China has a firm that holds more than 70 per cent of the global market for photoinitiators - key components in photopolymers - that are needed by companies such as Hitachi in Japan and Eternal Corporation in Taiwan.

Beijing has also identified "little giants" and rolled out schemes to add more potential candidates to the pool of advanced manufacturing enterprises and provide them with further support.

China now has more than 4,700 small and medium-sized speciality enterprises or niche market leaders with multiple patents and annual research and development investments of more than 10 million yuan (US$1.44 million), according to the Ministry of Industry and Information Technology (MIIT).

More than 80 per cent of them are in strategic industrial chains, which helps break through overseas technological barriers and upgrade the domestic industrial structure.

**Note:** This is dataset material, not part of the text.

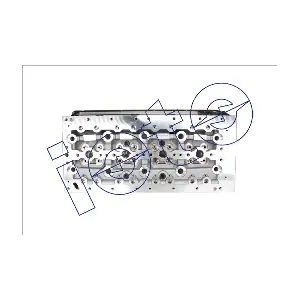 10603-11014 IOTO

The industry ministry announced 45 national advanced manufacturing clusters last year, most of which are related to information technology, high-end equipment, new materials, biomedicine, high-end medical devices, new-energy and smart network-connected vehicles.

The output value of these advanced manufacturing firms reached 19 trillion yuan in 2021.

In Shanghai, more than 20 per cent of such firms have sales revenue of more than 100 million yuan, the local government data show.

"Manufacturing is an indispensable sector to China," President Xi said during the annual "two sessions" political gatherings in March. "It needs to move to high-end."

The MIIT announced in February that more than 90,000 small businesses would be nurtured - via financial incentives - to help them join the nation's advanced manufacturing army by the end of the year. Beijing alone aims to cultivate or upgrade 10,800 such firms.

Chinese authorities have already stepped up the construction of charging stations while promoting the consumption of new-energy vehicles in rural areas.

The country is also accelerating supportive policies in areas such as 5G, artificial intelligence, bio-manufacturing and digital economy, while providing better services to boost business confidence in these fields, the MIIT's chief engineer, Zhao Zhiguo, said at a State Council press conference in April.

And the manufacturing hub of Jiangsu province announced in March more financing support for SMEs involved in advanced manufacturing, while trying to boost capital investments in SMEs.